2014’s Emilie and the Sky World is the second in Martha Wells’ secondary-universe gas-lamp-fantasy Emilie series.
After the stupendous adventures of the first volume, Emilie finally reaches her studious cousin Karthea. Emilie scarcely has time to relate her adventures to Karthea when two complications present themselves. The first is her domineering Uncle Yeric, determined to bring his scandalous niece to heel. The second is a mysterious object in the sky, whose nature is entirely unclear.
Yeric’s plans for Emilie encounter a number of significant impediments. First of all, he is no longer Emilie’s legal guardian. Her older brother Erin is, as of the day Erin turned nineteen. The fact that Erin ran off to sea and cannot be located does not mean that Yeric has any legal say over Emilie. As well, Emilie has powerful allies in the form of Lord Engal, Dr. Marlende, and their retinue. They will not permit Yeric to bully Emilie into submission.
Not that this matters in the short run. Aetheric telescopes have detected something novel in the sky. Nothing for it but to assemble an expedition and launch an airship to examine this new phenomenon. Emilie joins the expedition. Much to her irritation, so does her younger brother Efrain, who stows away much as Emilie did in the first book.
The object proves to be a vast, alien construct of unfamiliar form. Clearly, it is artificial. Equally clearly, whatever built the aether flyer is not human. Precisely what the builders are is unclear, for the ship appears deserted. Splitting up to explore seems sensible enough. It turns out that the ship is not entirely deserted. Scarcely has Emilie realized that she is seeing a crewbeing of peculiar form before she and the others are ambushed and transported to various locations in a surrealistic alien realm.
Emilie and Efrain soon deduce that they are in some kind of aetheric Sargasso Sea, assembled from landscape and other objects stolen from various native worlds. In the short run the world is habitable. In the long run … who can say how long a seemingly random assemblage will sustain life? Teaming up with a plant-like alien, whom they dub Hyacinth, the group sets out to find their fellow explorers.
Not only do they have total success in finding the rest of their expedition, they find a previous expedition thought lost. Now all that remains is to find a way to return home. Well, and the small matter of eluding mental parasites intent on commandeering the explorers’ bodies for their own use…
Stowing away seems to run in the family. One wonder how exactly Erin joined the navy. One notes with interest that Emilie is quite unsympathetic towards stowaways who are not her.

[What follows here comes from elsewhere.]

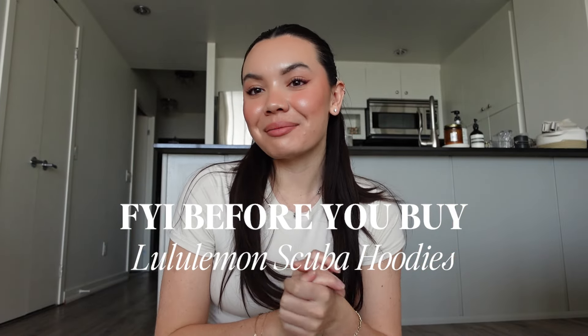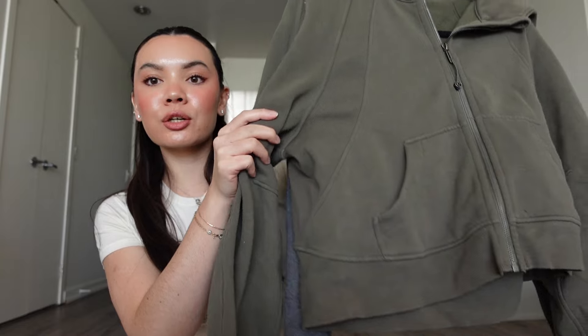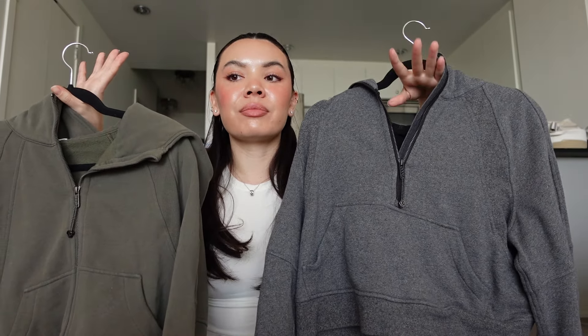Hey guys, what's up? Welcome back to my channel. For those of you who are new here, my name is Steph, and today I'm going to be doing an FYI before you buy on the Lululemon Scuba hoodies. I have two different styles that I'm going to talk about — the half zip and the full zip.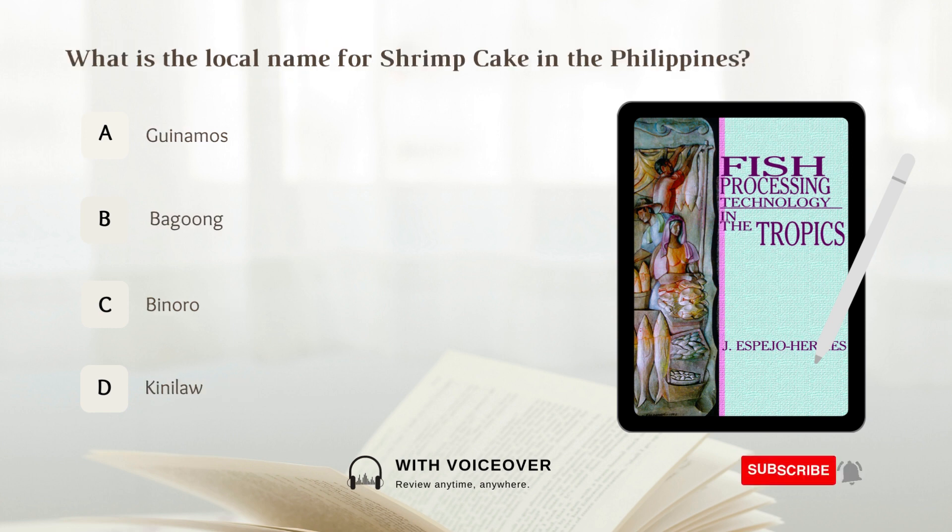What is the local name for shrimp cake in the Philippines? A. Ginamos. B. Bagoong. C. Binuro. D. Kinilaw.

Like the first book, this is a perfectly functional little adventure, although one might question the frequency with which this small social group stumbles across paradigm-altering discoveries, not to mention how little they seem to have learned from the first novel about not getting kidnapped. Adventurers! Never learn …
This is a perfectly functional adventure novel that provides readers with all the skilled prose and engaging characters they could desire. In the light of Wells’ current success with her Murderbot novellas, readers might be therefore surprised to discover this Wells novel is not just obscure, but out of print. One might be tempted to examine the novel itself for the reason for its obscurity. Is being “functional” not enough?
But (getting all magisterial here) blaming a novel for its lack of success is often misguided. It’s a lamentable fact that to a very large degree, success or failure for books rests on factors generally beyond the writers’ control and often beyond that of the publishers. All too often it’s just a matter of chance. We know that, don’t we? We’d like to believe that our hard work is going to be rewarded, but we have to admit that it ain’t necessarily so. That’s one reason why we read fiction; to briefly live in worlds where it’s possible for things to work out OK. As they do for Emilie and her friends (and even her pesky brother).
Emilie and the Sky World is out of print.